- **TASK TO COMPLETE**
Extract the whole listing as it stands. Do not include the pictures.

(GIVEN INFORMATION begins)

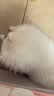 稚优泉罐罐腮红泥03甜桃蜜瓜色膨胀收缩色高光修容哑光生日礼物送女友 实拍图
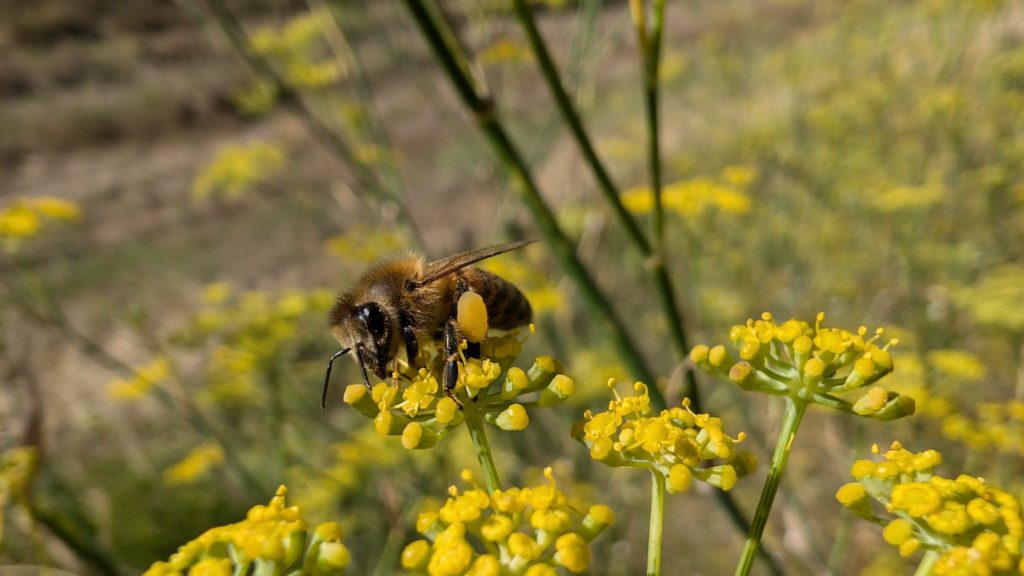 Abeille noire de Provence sur fleurs de fenouil ? Non c'est une Buckfast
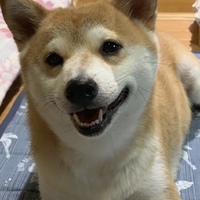 ひめ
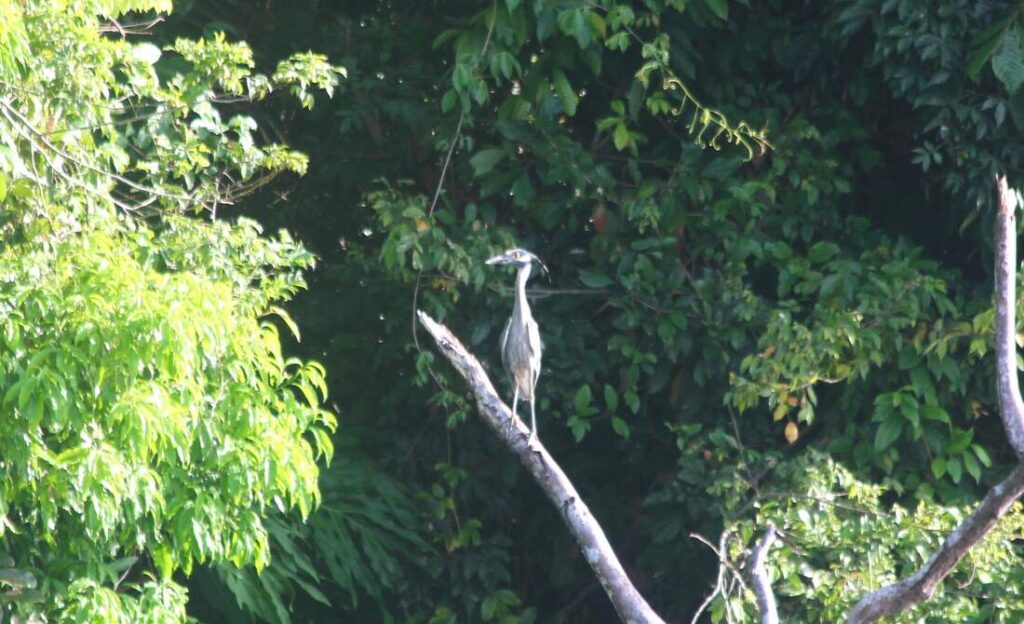 Bird on a branch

(GIVEN INFORMATION ends)

- **OUTPUT FOR THIS EXERCISE**
 稚优泉罐罐腮红泥03甜桃蜜瓜色膨胀收缩色高光修容哑光生日礼物送女友 实拍图
 Abeille noire de Provence sur fleurs de fenouil ? Non c'est une Buckfast
 ひめ
 Bird on a branch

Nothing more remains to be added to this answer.